APLANATIC: An optical system corrected simultaneously for spherical aberration and coma.

Illustration 1 shows a widely separated double (1.92 arcseconds) as seen in a 6 in Newtonian. On the right the same pair is shown with one-wavelength of coma. One wave sound excessive? Well, maybe a little to make a point, HOWEVER at about 75% of the way toward the edge of the field of view of a 6" F/6 this is exactly what happens in a perfect objective!

Coma, as with astigmatism, increases toward the edge of the field and is absent in the center. However, it increases directly with the distance, while astigmatism increases with the square of the distance. Never the less, coma dominates in the Newtonian. When it comes to the F/value however, a change here results in an increase by the inverse of the f/number squared. Consequently, short focus Newtonians suffer greatly from this aberration. Only at about F/8 is most of the field acceptable. Illustration 2 shows the relative amounts of coma at f/4.5 and f/8. Of course, much of the outer portions of coma are not seen in dim stars, but keep in mind this same light is lost from the central disc. Coma makes measurement of stellar positions particularly problematic.

Illustration 3 shows some characteristics of pure coma.

Interestingly, coma can be corrected in the Newtonian by use of an aperture stop located at the center of curvature (the so-called lensless Schmidt- any astrophotographers interested in trying this design?). In some designs the use of a properly placed stop may make the system APLANATIC, but NOT so the Newtonian. The lensless Schmidt suffers from spherical aberration.

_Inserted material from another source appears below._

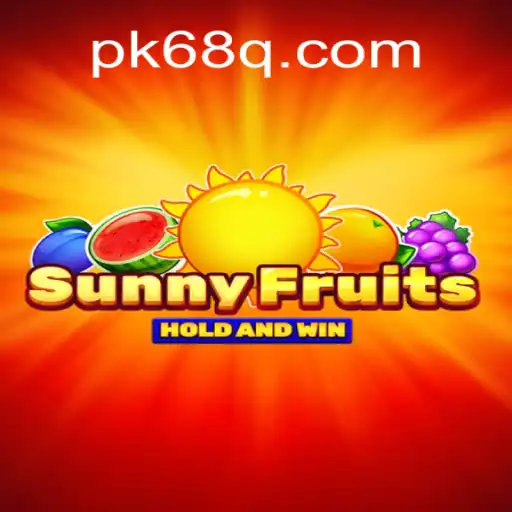 Explorando o Mundo Vibrante de SunnyFruits no pk68.vip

Most eyepieces are well corrected for coma, and some can be designed to correct for coma in the objective. Supplemental lenses help reduce coma (coma correctors) enough for photographic application. At low power they often provide acceptable views in fast systems. The best we can hope to do in the Newtonian is keep coma in it's proper place- at the edge of the field of view!

Keeping coma out of the way as much as possible means careful collimation. Most of us like to think in terms of 1/4 wave optics (this discussion ignores other shortcomings). On a ten-inch f/4.5 instrument this amounts to only a few times the diameter of Jupiter at opposition! Illustration 4 shows the diameter of the 1/4 wave limit for f/4.5 (central SMALL circle) as well as f/6 and f/8 limits! Can you keep your scope this well aligned?

Illustration 3) One-quarter wave limits to scale. The central circle (not labeled) is for F/4.5. Can you keep your optics this well aligned? Of course, F/4.5 is generally not used for planetary work (but how about some of these guys with CCD's and fast systems!). While evident coma will NOT be seen extending this close to the center (the tail of the coma is dim), coma still represents loss of light (limiting magnitude), loss of contrast (and resolution), and prohibits astrometry. Keep in mind that at any given F/Value ALL paraboloids suffer with the SAME amount of coma. Use of 2-inch eyepieces shows more coma.

Illustration 4) Basic parameters of pure coma.

Illustration 5) Coma results when light strikes a parabolic mirror at an angle and is ABSENT in the center of the field of view. Spherical aberration results when the mirror is left as a sphere but is present over the ENTIRE field.